Summary: OSTYPE (etc) is clobbered by BASH2
Product: [Retired] Red Hat Linux Reporter: Aric <aric>
Component: bashAssignee: Bernhard Rosenkraenzer <bero>
Status: CLOSED NOTABUG QA Contact:
Severity: medium Docs Contact:
Priority: medium    
Version: 7.0   
Target Milestone: ---   
Target Release: ---   
Hardware: i386   
OS: Linux   
Whiteboard:
Fixed In Version: Doc Type: Bug Fix
Doc Text:
Story Points: ---
Clone Of: Environment:
Last Closed: 2001-01-08 17:09:59 UTC Type: ---
Regression: --- Mount Type: ---
Documentation: --- CRM:
Verified Versions: Category: ---
oVirt Team: --- RHEL 7.3 requirements from Atomic Host:
Cloudforms Team: --- Target Upstream Version:
Embargoed:

Description Aric 2001-01-08 16:56:32 UTC
We have a system-wide standard for the environment variable OSTYPE that has
been in place for years. Whenever bash is run, it clobbers this variable.
On my platform, it always sets it to linux-gnu. The older versions of Bash
set this to "linux" so this problem has not popped up until now. This
messes up Makefiles because make runs subshells all the time, and the
OSTYPE is being clobbered all the time.

First, I can understand wanting to set this variable, but bash should not
set the variable if it is already set. This is a design decision with which
some may disagree, but you cannot disagree with the second problem here:

Second, when bash is run as sh (e.g., /bin/sh) it is supposed to behave as
much as possible like the old Bourne Shell, yet bash2 still clobbers OSTYPE.

It does the same thing, BTW, with MACHTYPE, etc.

Here's how to reproduce the problem:

% help | grep version
GNU bash, version 2.04.11(1)-release (i386-redhat-linux-gnu)
% export OSTYPE=vxworks-target
% echo $OSTYPE
vxworks-target
% /bin/sh -c 'echo $OSTYPE'
linux-gnu
% (/bin/sh -c 'echo $OSTYPE')
linux-gnu

Here is the same thing run on Solaris:
$ OSTYPE=vxworks-target
$ export OSTYPE
$ echo $OSTYPE
vxworks-target
$ /bin/sh -c 'echo $OSTYPE'
vxworks-target
$ (/bin/sh -c 'echo $OSTYPE')
vxworks-target

Comment 1 Bernhard Rosenkraenzer 2001-01-10 23:11:03 UTC
This is the intended behavior according to the bash manpage and probably POSIX.
If you don't like it, talk to bug-bash - we're not changing it in our
package and breaking compatibility with everyone else.

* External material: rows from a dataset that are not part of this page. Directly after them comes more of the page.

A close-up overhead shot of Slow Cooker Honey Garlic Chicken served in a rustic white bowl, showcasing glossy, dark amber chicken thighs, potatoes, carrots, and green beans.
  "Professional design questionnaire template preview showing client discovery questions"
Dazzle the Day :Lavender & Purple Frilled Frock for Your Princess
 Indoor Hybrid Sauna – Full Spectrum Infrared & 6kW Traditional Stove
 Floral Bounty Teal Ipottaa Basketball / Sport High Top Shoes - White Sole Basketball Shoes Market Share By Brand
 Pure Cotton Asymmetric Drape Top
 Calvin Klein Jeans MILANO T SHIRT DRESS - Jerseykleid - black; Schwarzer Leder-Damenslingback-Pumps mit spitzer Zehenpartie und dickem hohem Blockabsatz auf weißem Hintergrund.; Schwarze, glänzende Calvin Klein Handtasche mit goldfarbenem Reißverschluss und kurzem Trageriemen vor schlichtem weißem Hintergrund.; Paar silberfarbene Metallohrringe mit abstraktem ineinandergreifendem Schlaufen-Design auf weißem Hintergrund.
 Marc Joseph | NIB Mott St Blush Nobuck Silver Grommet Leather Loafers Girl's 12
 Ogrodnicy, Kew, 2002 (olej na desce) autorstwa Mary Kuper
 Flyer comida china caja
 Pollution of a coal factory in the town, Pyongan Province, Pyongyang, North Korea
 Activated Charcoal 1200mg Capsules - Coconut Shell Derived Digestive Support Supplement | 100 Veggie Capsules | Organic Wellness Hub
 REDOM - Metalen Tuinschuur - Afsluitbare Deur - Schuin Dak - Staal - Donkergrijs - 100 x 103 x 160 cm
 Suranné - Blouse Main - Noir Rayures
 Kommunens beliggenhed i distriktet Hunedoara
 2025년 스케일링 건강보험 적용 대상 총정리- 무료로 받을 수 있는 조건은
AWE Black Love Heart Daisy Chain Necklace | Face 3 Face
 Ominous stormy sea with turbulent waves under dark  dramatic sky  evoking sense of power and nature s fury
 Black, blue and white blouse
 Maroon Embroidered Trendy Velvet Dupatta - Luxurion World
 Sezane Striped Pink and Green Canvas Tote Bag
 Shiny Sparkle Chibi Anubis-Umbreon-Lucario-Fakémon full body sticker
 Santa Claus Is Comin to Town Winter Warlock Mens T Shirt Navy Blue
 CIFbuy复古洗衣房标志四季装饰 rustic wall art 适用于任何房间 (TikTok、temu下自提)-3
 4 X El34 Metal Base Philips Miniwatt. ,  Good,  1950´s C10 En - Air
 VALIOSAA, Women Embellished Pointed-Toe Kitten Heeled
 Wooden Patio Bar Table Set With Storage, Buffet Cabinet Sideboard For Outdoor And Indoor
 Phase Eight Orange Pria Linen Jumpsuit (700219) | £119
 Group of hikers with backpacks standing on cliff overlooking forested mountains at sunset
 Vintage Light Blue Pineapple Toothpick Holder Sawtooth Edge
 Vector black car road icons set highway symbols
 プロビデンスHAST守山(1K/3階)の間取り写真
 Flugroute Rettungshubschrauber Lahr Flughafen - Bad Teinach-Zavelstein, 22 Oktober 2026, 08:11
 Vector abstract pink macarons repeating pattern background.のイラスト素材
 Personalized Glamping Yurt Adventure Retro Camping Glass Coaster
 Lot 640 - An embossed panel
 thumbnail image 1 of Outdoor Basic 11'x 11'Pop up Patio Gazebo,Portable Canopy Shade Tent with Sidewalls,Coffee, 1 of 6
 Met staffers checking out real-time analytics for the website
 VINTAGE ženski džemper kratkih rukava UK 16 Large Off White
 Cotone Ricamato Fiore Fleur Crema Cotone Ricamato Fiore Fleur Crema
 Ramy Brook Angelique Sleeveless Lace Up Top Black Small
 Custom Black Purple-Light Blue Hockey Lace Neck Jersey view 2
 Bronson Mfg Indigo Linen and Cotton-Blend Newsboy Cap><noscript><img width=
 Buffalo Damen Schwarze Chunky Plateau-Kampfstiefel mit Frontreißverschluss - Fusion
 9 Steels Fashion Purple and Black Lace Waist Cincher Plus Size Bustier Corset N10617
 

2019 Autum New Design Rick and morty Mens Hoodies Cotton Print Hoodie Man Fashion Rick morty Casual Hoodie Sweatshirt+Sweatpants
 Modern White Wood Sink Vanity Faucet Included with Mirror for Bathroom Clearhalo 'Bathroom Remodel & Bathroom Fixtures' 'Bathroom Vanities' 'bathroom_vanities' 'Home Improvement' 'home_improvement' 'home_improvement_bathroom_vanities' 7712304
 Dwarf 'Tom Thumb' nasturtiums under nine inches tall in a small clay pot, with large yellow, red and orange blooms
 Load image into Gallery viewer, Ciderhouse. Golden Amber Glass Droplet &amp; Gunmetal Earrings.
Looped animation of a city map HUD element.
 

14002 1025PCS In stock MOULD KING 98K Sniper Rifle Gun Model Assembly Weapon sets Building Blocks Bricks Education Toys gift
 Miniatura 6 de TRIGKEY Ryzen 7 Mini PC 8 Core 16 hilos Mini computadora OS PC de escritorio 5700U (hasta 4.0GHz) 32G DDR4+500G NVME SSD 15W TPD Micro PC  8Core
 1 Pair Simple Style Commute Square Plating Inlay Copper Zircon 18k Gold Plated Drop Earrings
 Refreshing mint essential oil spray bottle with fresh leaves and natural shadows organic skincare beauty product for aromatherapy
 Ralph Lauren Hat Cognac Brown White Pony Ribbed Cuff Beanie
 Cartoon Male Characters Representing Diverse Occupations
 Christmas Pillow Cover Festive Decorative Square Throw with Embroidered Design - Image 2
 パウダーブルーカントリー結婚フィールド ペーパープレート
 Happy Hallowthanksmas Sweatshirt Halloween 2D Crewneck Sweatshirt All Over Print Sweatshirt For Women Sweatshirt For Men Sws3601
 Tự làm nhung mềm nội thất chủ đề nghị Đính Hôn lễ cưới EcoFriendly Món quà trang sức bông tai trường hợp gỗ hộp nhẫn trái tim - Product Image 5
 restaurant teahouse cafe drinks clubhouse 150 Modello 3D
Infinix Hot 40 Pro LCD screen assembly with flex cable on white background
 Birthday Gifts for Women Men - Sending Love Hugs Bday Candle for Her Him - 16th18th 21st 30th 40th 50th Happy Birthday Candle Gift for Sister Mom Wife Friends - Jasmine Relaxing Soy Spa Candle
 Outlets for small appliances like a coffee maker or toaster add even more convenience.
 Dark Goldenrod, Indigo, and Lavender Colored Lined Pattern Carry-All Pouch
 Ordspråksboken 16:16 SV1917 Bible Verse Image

Comment 2 Aric 2001-01-11 14:04:55 UTC
First, this is definitely not the intended behavior according to the bash
manpage. I quote it here: "If bash is invoked with the name sh, it tries to
mimic the startup behavior of historical versions of sh as closely as possible,
while conforming to the POSIX standard as well." The behavior I describe is not
even close to the "historical versions of sh". "probably POSIX" is not good
enough. How about checking into it?

Second, I don't expect you to break compatibility with everyone else, but other
linux distributions forward bug reports like this to the appropriate people. I
have seen many debian bug reports on the Vim and mutt email lists. With lazy
product support like this, is it any wonder that your stock price is where it is?